Operating Expenses. The commission's engineers reported and testified that the actual operating expenses for the year ending February 28, 1921, were $38,744.85, to which should be added the amount of a reasonable depreciation allowance, fixed by the commission itself at $7,252. We are unable to find any evidence in the record which impeaches the accuracy of the sum of these expenses, or which casts doubt upon their fairness as a measure of the necessary annual operating expenses. Yet the commission reduced the amount to $37,608, a difference of $1,136.85. The commission found, it is true, that the plant had been inefficiently operated. But we find no evidence to this effect in the record and none has been called to our attention. To the contrary, the commission's engineer who examined the property and accounts of the company testified that he considered the expenditures of the company were reasonable and that the plant was efficiently and economically managed.
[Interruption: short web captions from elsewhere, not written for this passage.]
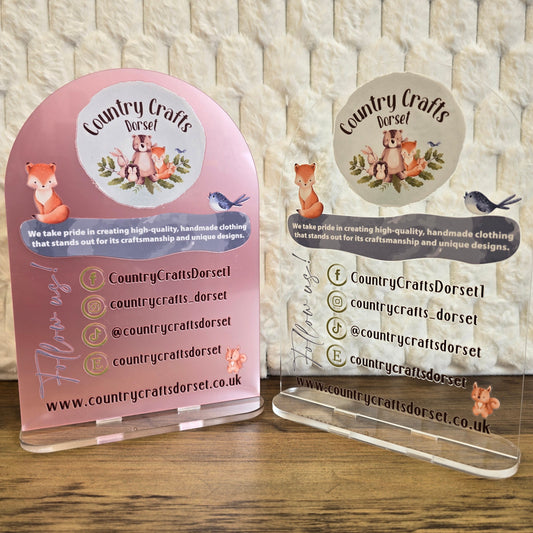 A5 Freestanding Craft Fair Sign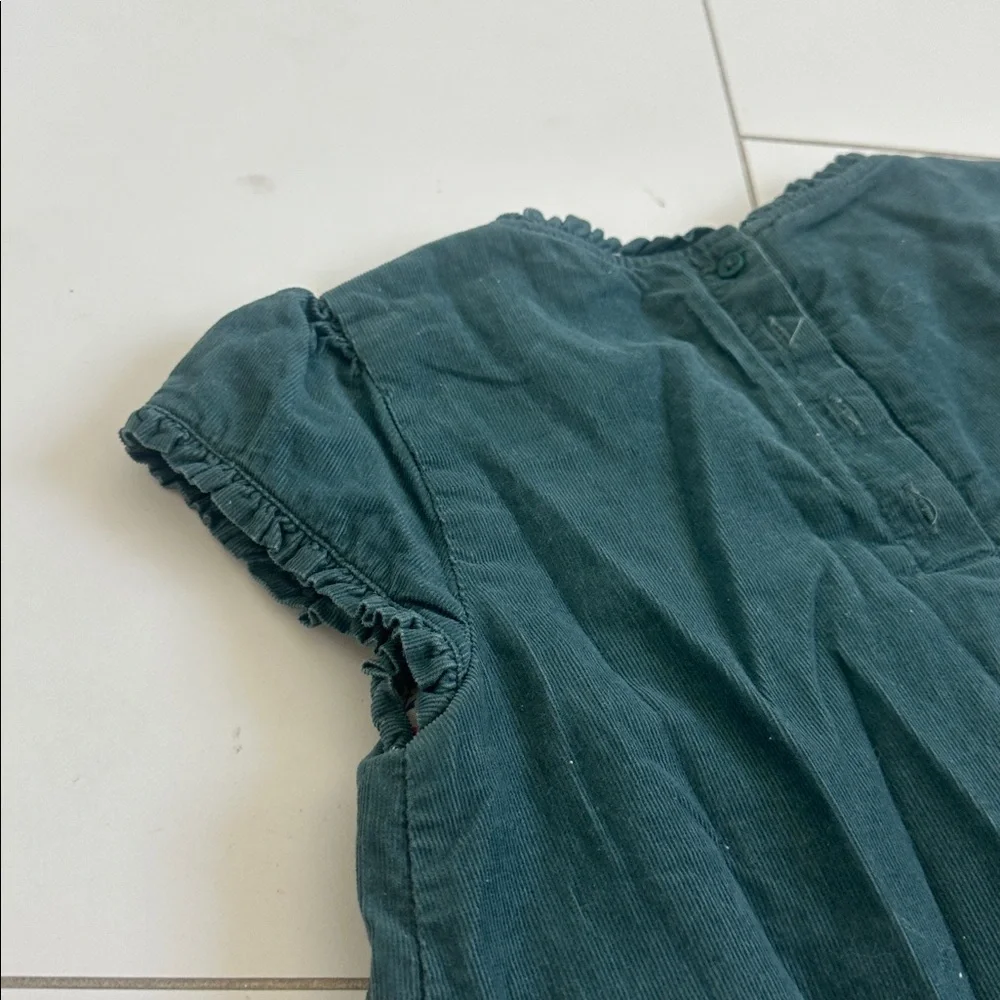 Mini Boden corduroy blue Kids Dress 7/8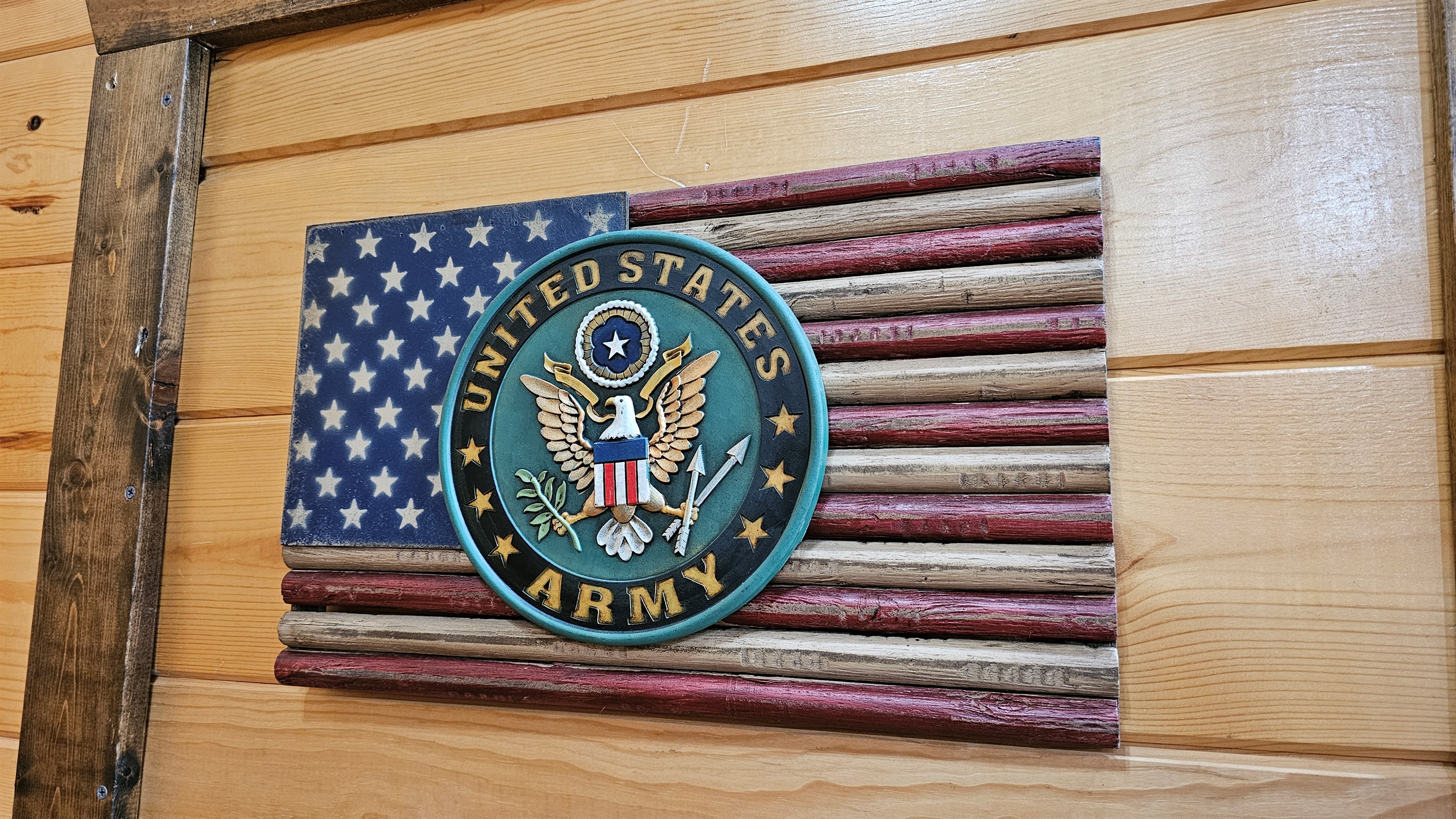 Honoring those who serve with a classic Army flag.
Return. As bearing upon the amount of return to which the company is entitled, a summary of the foregoing may now be considered: Value of property for rate-making purposes, $154,655.93; annual amount of income based upon rates fixed by commission, $53,563; operating expenses, together with amount of annual depreciation allowed by commission, $45,996.85—leaving a balance as return to the company of $7,566.15, or less than 5 per cent. upon the value of the property. That this is so plainly inadequate as to result in depriving the company of its property without due process of law may not be doubted. See Bluefield Co. v. Pub. Serv. Comm., 262 U. S. 679, 692-695, 43 S. Ct. 675, 67 L. Ed. 1176, and cases cited; S. W. Tel. Co. v. Pub. Serv. Comm., 262 U. S. 276, 288, 43 S. Ct. 544, 67 L. Ed. 981, 31 A. L. R. 807.
From the foregoing, it is evident that the state Supreme Court did not accord to the plaintiff in error that sort of judicial inquiry to which under the decisions of this court it was entitled. Bluefield Co. v. Pub. Serv. Comm., supra, page 689 (43 S. Ct. 675); Ohio Valley Co. v. Ben Avon Borough, 253 U. S. 287, 289, 40 S. Ct. 527, 64 L. Ed. 908.
Judgment reversed, and cause remanded for further action not inconsistent with this opinion.